Icinga-Powershell-Plugins: Questions to Invoke-IcingaCheckEventlog

stevie-sy · October 6, 2020, 5:48am

Hello at all,

During our implementation and tests with Icinga-PowerShell Plugins (Installation according to the instructions) we got the request to monitor also the Windows EventLog. So we configured the check “Invoke-IcingaCheckEventlog”.
We came up with the following problems, whereby we would like to ask you about your experience. Because we may have a mistake in thinking.

After installing the plugins and without using the switch “DisableTimeCache” the checks doesn’t work. Icinga throws every time a permission error for the cache directory. With this switch everything works fine. Maybe this was a result of our server setups and the set permissions from our server admins. .
What we also realized while using the switch “DisableTimeCache” was, that it really makes no sense using this. Let’s assume we have a check interval from 5 min. During this interval a program writes a message into the eventlog and the check throws warning/critical. After the next check interval the check is ok again, because in this interval there no new event was written into the log.
So checking the hole eventlog also makes no sense. Because therefore we have to know how many log entries are “normal”. Or our colleagues have to delete the event after fixing the problem. In this case it makes a log obsolete.
Trying the switch “After” improves the situation a little bit. With the Icinga-DSL (using var dt = DateTime() - 24 * 60 * 60; return dt.to_string() ) we can create a timestmap like now - 24h. But our office is closed on weekends and public holidays. So if there was a event written, we don’t get it via Icinga the next working day that something was there. Here we would first have to check the logs from all servers again or expand the time-range.
The next idea would be that icinga have to stop to check the eventlog if it’s getting critical. After fixing the problem we have to set the check manually to ok. But here is the problem, if there would be another event written.
Another possibility would be that every server bump the full eventlog from every server to our ELK stack. However, we see similar problems like written above if checking this log.
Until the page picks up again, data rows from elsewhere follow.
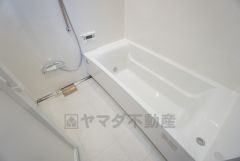 1日の疲れを癒すくつろぎのバスルーム。足を伸ばしてもゆったりと入れるサイズです。お子様と一緒にお風呂に入っても狭くないですね＾＾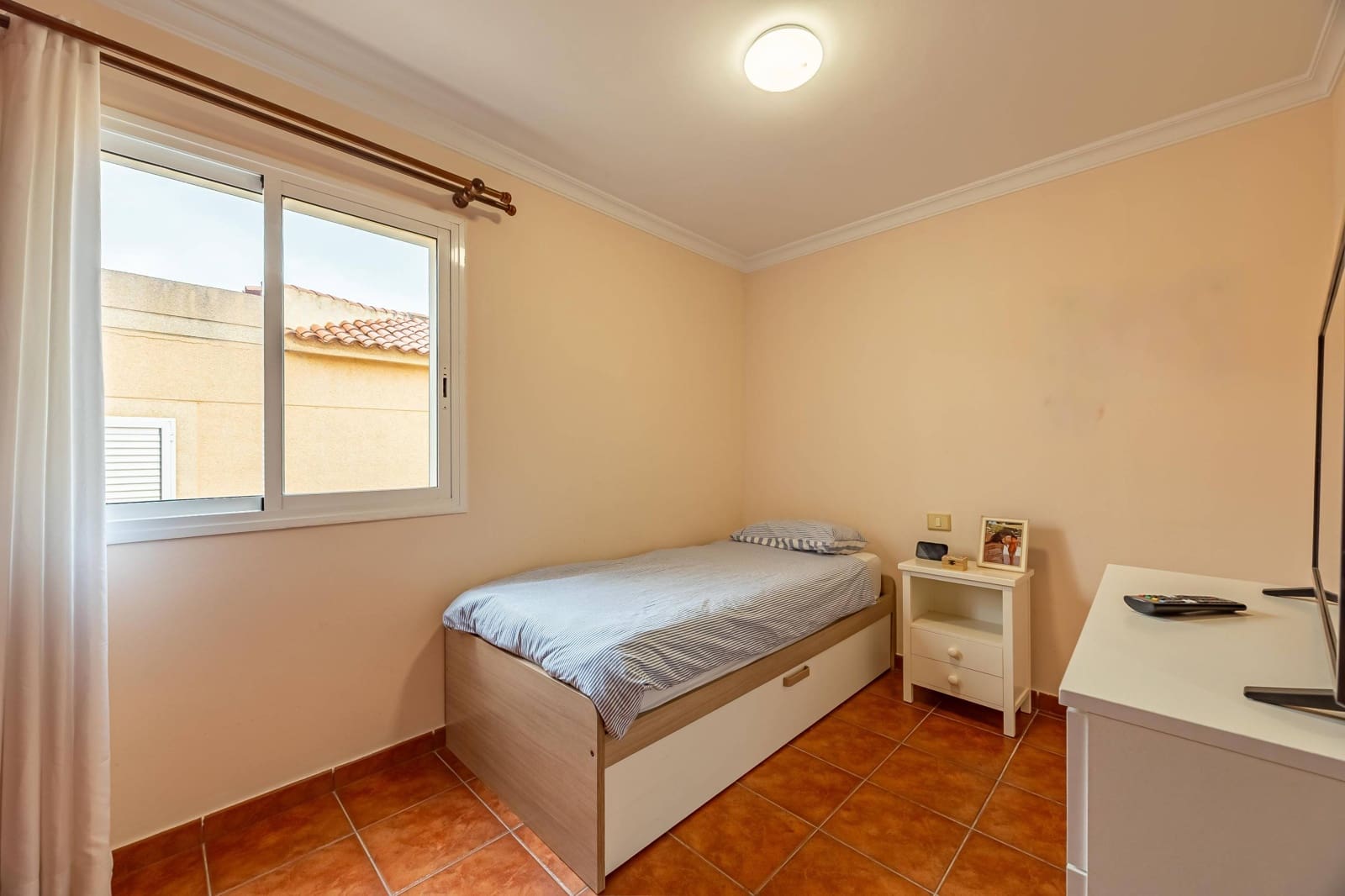 4 bedroom Apartment for sale in Las Palmas de Gran Canaria with garage - € 360,000 (Ref: 9797115)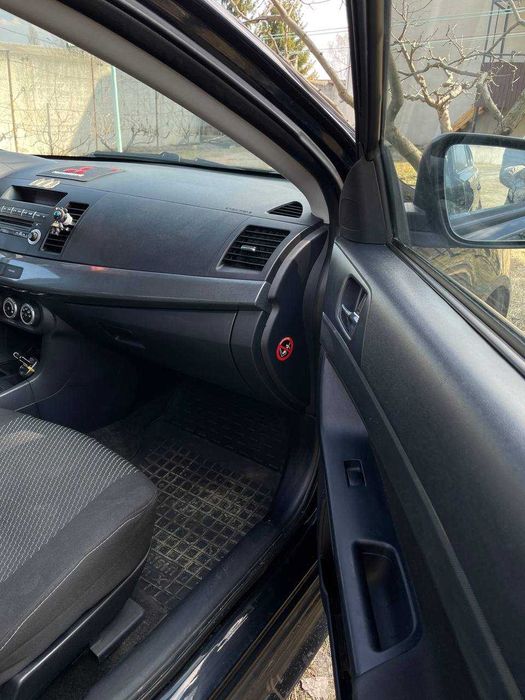 Продам Лансер 10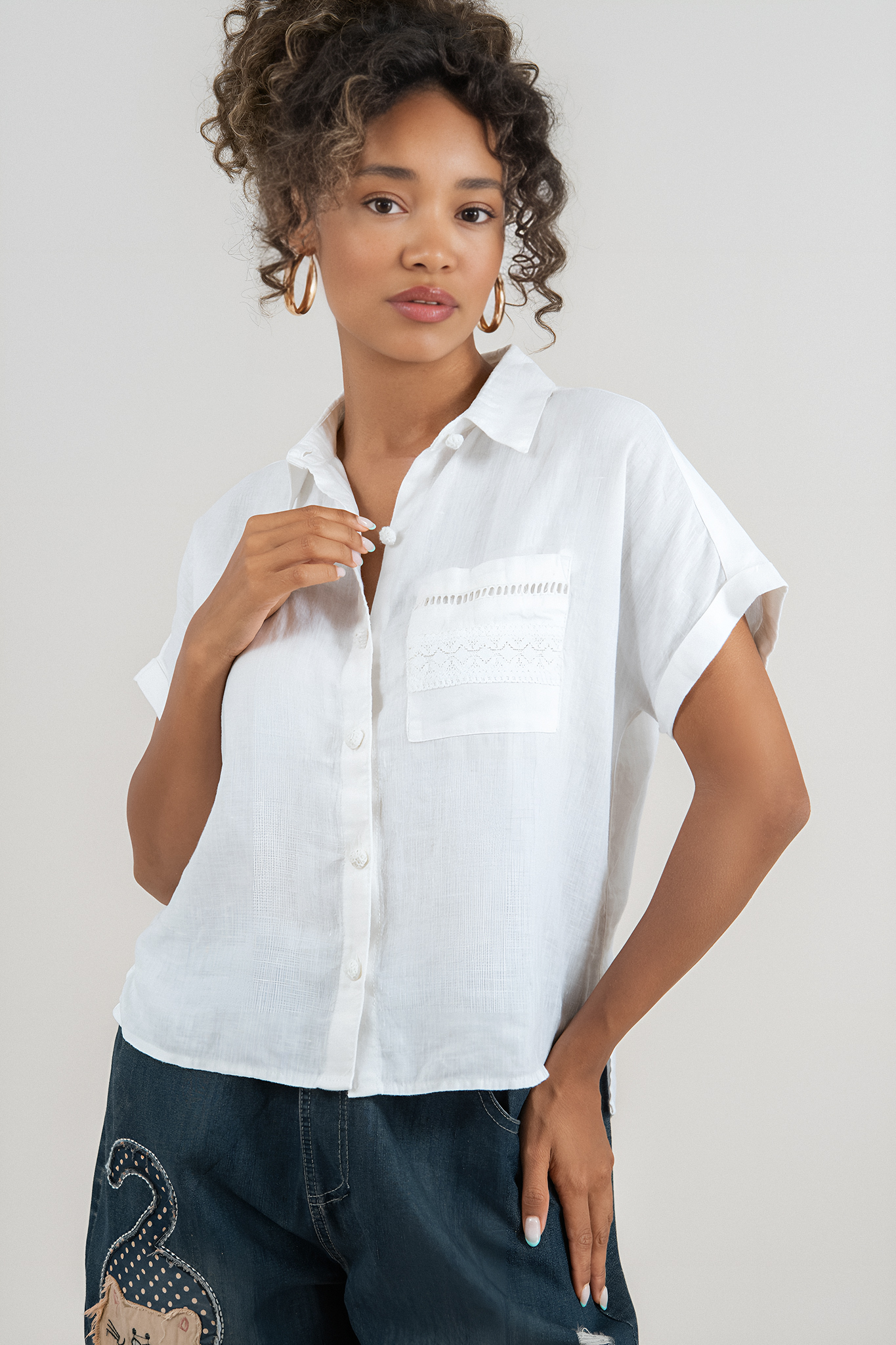Дамска риза от лен в бяло с джоб с рязана бродерия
So what do you think? What is your experience?

Thank you

stevie-sy · December 2, 2020, 6:47am

@cstein How about this? Because of helping in an other thread. Do you have here also some ideas/solutions/workarround? Would be very nice. Thank you

radioactive9 · December 2, 2020, 7:02am

We are using the below definition

apply Service "XXX-P_MS_SQLEvtLogID" {
    import "XXX-tmplService-MS-PS_EventLog"

    assign where "XXX-tmplHost-MS" in host.templates
    vars.IcingaCheckEventlog_Array_IncludeEventId = [
        "1101",
        "3201"
    ]
    vars.IcingaCheckEventlog_Int32_Verbosity = "2"
    vars.IcingaCheckEventlog_Object_Warning = "~:0"
    vars.IcingaCheckEventlog_String_LogName = "Application"
    vars.IcingaCheckEventlog_Switchparameter_DisableTimeCache = false

    import DirectorOverrideTemplate
}

The only issue we feel that is there is we may be missing some alerts when multiple same eventID is written at the same time. But not very sure as we can’t reproduce it.

Lets say 1101 and 3201 is written in same sample we have seen both eventID mentioned in the alert.

Now we don’t have a test case where 1101 is written in 1 sample and alerted - in the next sample we have 3201. Whether the event will update the description of 1101 and change it to 3201. Don’t know.

stevie-sy · December 2, 2020, 7:11am

Thanks for your example. I will add those parameters from your example that are missing to my service definition.Let’s see what happen

cstein · March 4, 2021, 4:01pm

Hello,

sorry for the late response! I’m sadly not getting any notifications when I’m mentioned in an issue

Basically the way to monitoring event logs with the PowerShell plugins have changed since the first release.

What we did so far:

If you add -Verbosity 1 now, you will be prompted with EventLog messages for warning/critical packages. If you go up to -Verbosity 2, you will receive a list of all messages included for an EventId
The last release of Icinga for Windows v1.4.0 added the support to use “5h” for the -After and -Before argument. This will allow you to check the last 5 hours for example, regardless of the last check execution
For the permission problem, you can simply run Test-IcingaAgent. You will then receive a result of certain tests for your installation. In case the cache file is not writeable, you will receive a command to execute to fix the permission error for the Icinga Agent service use

I hope this helps. If we can make different approaches/improvements, please feel free to share them with us.

stevie-sy · March 5, 2021, 6:37am

Thank you @cstein. I will test this also, if this is helping us.